Part one and two were interesting: he argues that the gospels were intended as liturgical documents to be read to the congregation over the course of a year, with the stories organized to be appropriate to the events in the calendar. The miraculous events were intended to be understood symbolically, and the gospel writers didn't believe in them. He creates an attractive Jesus and an appealing account of the gospels. I enjoyed this section, and it was impressive, if you aren't too familiar with the New Testament.

He argues at times that parts of the gospel cannot be true, because Paul doesn't mention, for example, the Virgin Birth, and his letters precede the gospels. Therefore, he reasons, the Virgin Birth is a late addition. Paul also doesn't seem to have heard of female disciples and equality between men and women (see 1 Cor. 14:34-36 {for they are not permitted to speak, but should be subordinate} and 1 Tim 2:9-15 {I permit no woman to teach or have authority over a man}); this despite the eloquent passage in Galatians 3:28 (there is no longer male and female. Despite this, Spong believes the gospels when they speak of female disciples and argues for equality between men and women in Christ.

Spong also ignores any gospel passages that don't support his argument, including those that have lead other scholars to argue that Jesus was a failed apocalyptic prophet (Mat 14:15-44) or a zealot (Mat 10:34; Lk 22:35). I had more examples, but I think that suffices.
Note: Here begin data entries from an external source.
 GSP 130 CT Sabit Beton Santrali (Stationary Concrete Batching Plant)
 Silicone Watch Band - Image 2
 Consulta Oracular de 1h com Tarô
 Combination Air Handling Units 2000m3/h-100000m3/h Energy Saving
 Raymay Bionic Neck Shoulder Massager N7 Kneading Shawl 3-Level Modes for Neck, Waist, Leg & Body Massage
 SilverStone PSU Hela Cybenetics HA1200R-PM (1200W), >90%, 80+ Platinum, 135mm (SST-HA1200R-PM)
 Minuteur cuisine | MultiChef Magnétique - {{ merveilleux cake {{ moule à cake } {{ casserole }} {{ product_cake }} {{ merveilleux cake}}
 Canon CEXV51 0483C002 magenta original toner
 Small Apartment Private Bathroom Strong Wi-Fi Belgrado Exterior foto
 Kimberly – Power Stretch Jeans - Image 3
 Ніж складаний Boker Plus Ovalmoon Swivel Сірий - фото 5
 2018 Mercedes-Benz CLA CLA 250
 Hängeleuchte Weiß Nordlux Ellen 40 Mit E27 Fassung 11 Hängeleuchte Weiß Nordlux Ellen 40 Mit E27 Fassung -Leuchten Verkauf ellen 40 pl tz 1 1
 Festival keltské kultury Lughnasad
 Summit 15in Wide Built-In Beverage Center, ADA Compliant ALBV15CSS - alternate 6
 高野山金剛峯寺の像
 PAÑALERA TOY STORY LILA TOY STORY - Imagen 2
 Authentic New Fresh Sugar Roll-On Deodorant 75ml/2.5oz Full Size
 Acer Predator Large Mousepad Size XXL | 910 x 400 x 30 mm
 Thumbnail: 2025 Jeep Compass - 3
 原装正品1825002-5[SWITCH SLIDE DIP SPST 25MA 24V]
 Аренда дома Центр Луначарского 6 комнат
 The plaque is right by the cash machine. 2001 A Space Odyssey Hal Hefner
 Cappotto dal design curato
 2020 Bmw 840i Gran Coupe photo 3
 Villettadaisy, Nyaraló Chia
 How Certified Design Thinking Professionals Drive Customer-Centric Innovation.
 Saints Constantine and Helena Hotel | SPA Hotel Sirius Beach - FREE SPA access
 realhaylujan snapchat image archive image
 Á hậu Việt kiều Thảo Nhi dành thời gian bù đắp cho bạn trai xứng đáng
Part three starts off strong, but eventually becomes a bit dull as Spong repeats himself. A rap of the knuckles to Spong for misusing the word "literally", in chapter 21, note 6 in which he says that Martin Luther and John Calvin "wrote about the Jews in words that literally drip with anger." No, they metaphorically drip with anger. If they literally dripped, their words would have to be kept in tubs to contain the liquid.

Spong is a famous and apparently popular speaker for a certain type of progressive Christianity, so if you are looking for his point of view, this is a pretty good book. If you share his point of view, I suppose that you will love it. I will just consider myself better informed about opinions that I don't share. ( )
  PuddinTame | Aug 18, 2015 |
If you're a Christian considering this book, then know that if you're a deist who believes that God intervenes in human history either in the miraculous or in the form of sending a Messiah named Jesus to save us from our sins then Spong says you are, knowingly or not, engaged in "heresy" (his word). Jesus performed nothing miraculous, fulfilled no prophecies, and there was no crucifixion for the atonement of sins nor a resurrection or eternal life. To believe otherwise means you are at best "ignorant," at worst "irrational," and definitely have a God concept that is "primitive" due to your "insecure" (his words) standing as a result of your theism. The last 2,000 years of Christian thought has created a system which makes us dependent on a God who supposedly has to rescue us from our sinful selves-- this "dehumanizes" mankind, fuels tribalism and parochialism, and keeps us from a proper "God experience," which only Spong understands as he admits he does not have the proper words "in human language" to define or explain it. You only need to believe the parts of Scripture that Spong believes, even though he contradicts himself often on which parts he believes to be true and why. He says the point of writing this book is to show that Christians must no longer be theists, as that keeps them from "living life to the fullest" and "experiencing God."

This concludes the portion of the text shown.